Question

lim x ->9 sqrt(x)/(x-9)^4

Answer 1

try what you did with last problem, only this time it's easier

Answer 2

calculators do this lol

Answer 3

k

Answer 4

ti-84 more specifically

Answer 5

@jjedmkmv , CAS systems are very capable of evaluation of algebraic systems, but ultimately one still has to program and debug them

Answer 6

A calculator teaches ya nothing, though.

Answer 7

Calculators are also subject to numeric error - if the rate of convergence is not high enough the computation will not work.

Answer 8

true @Psymon but asking for answers is the same

Answer 9

he's not asking for answers...

Answer 10

i'm not asking for an answer

Answer 11

Hopefully hes here asking for help on how to find the answer himself.

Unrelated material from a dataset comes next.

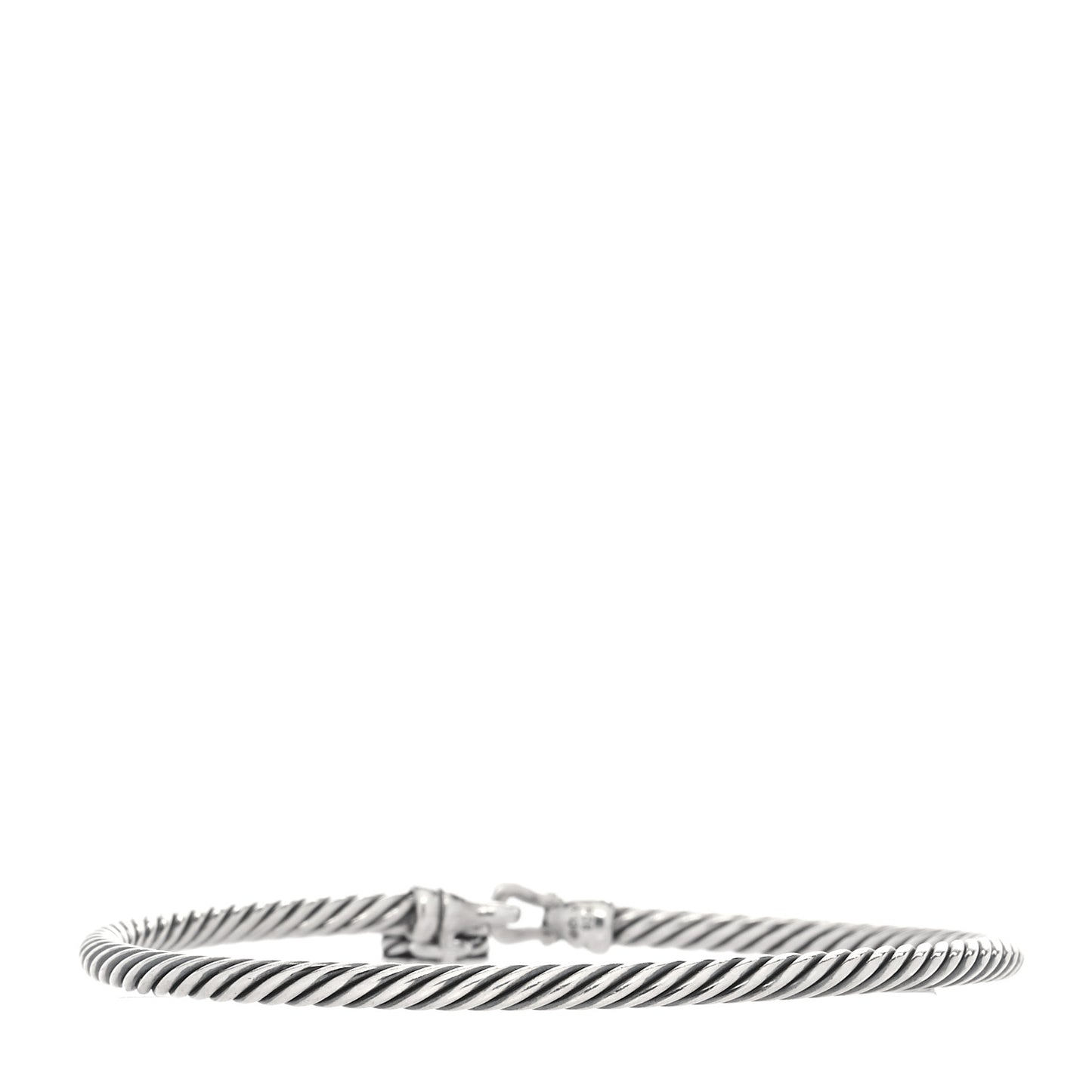 Sterling Silver Diamond Heart Padlock Cable Bracelet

@adamb Have you been introduced to one-sided limits or limits to infinity yet?

Answer 12

Yeah, I have been

Answer 13

anyways just as an example consider limit x->100 (x^1000000)/(x^1000000+1) - the answer is obvious if you use your head, but your TI-84 won't be able to compute it.

Answer 14

*x->inf

Answer 15

Alright, well this is going to be one of those situations. There's no way to get rid of that (x-9)^4 in the denominator. So you have to check the limit from the left and from the right and see if the behavior is the same on both sides.

Answer 16

so then i would have two scenarios where r>= 9 and r<9, right?

Answer 17

Youre not worried about = to, just check a number to the right like 9.5 and a number to the left like 8.5. See if their answers have the same sign.

Answer 18

well they won't

Answer 19

so then automatically it doesn't exist?

Answer 20

or wait no they will

Answer 21

even power

Answer 22

Why wouldnt they? The top is always going to be positive because you cant have a negative square root and the bottomis a 4th power, which will ALWAYS make the answer positive.

Answer 23

right

Answer 24

So since they both approach infinity from both sides the answer is infinity.

Answer 25

How are you getting that they both approach infinity? I know that they both go to infinity on each side, but how are they approaching infinity?

Answer 26

algebraically

Answer 27

The difference between go to infinity and approach infinity you mean?

Answer 28

Aren't we looking at the behavior as it approaches 9?

Answer 29

9 would be an asymptote, though. So x will never ever actually get to 9, itll just go off to infinty.

Answer 30

Are we saying that it can get infinitely close to 9?

Answer 31

Yes, infinitely close to 9, but never to 9.

Answer 32

The graph will keep trying to reach 9, but as it does its y-values will increase infinitely.

Answer 33

So this isn't the same in other situations where we get 0/0 when checking the limit?

Answer 34

We can only call it an asymptote because it's 3/0 and not 0/0?

Answer 35

Not necessarily.

Answer 36

Okay, I'm going to review this stuff a bit. You've definitely helped. Thank you for your time!

Answer 37

We can try and come up with examples where 0/0 means infinity and where 0/0 doesnt. Where 3/0 does mean infinity and where it doesnt.

Answer 38

What's the difference between saying it can get infinitely close to 9 and calling the limit infinity and saying that the limit IS 9--in either case can't it get as close to 9 as it wants?

Answer 39

Well, the limit when it is 9 is when the graph can literally touch the value of 9 or when there is a removable discontinuity at 9. When we say thelimit is infinity or negative infinity, it means that graph tries to get to 9, never is able to, but as it continues to try the graph goes to infinity or negative infinity. When you find the limit of something, you literally are finding a y-value. So in our last problem, as x went to 16, the actual y-value at x = 16 was -1/8. For this problem, though, as the graph goes to x = 9, the y-values go to infinity.

Answer 40

How did you know there was an asymptote and not a removable discontinuity?

Answer 41

Removable discontinuity is when an x value that makes the denominator 0 is able to cancel out. For example, if I have the rational function:

\[\frac{ x ^{2}+5x+6 }{ x+2 }\]When you factor thetop, you get \[\frac{ (x+2)(x+3) }{ (x+2) }\]So a removable discontinuity is when you have an x value that makes the denominator 0, which would be x = -2 here, but can be cancelled out by factor or any other algebraic approach. SO because the factor that makes the function undefined can be cancelled out, this is a discontinuity. If the factor which makes the denominator undefined can not be removed, it is an asymptote. That is how I knew our last problem was a infinity where we needed to check left and right, because I knew there was no way to cancel out (x-9)^4

Answer 42

I see; so you just knew. What algebraic processes did you "run through" with the denominator to know it wouldn't cancel?

Answer 43

And calling the limit infinity is the same as saying the limit doesn't exist, right?

Answer 44

No, the limit only does not exist if the graph cannot approach the value or if the graph approaches two different values from different sides. For example:



Not enough room to write the reason for 1/x, but even though the graph approaches infinity and negative infinity, a limit does not exist when the graph approaches two different values from different sides.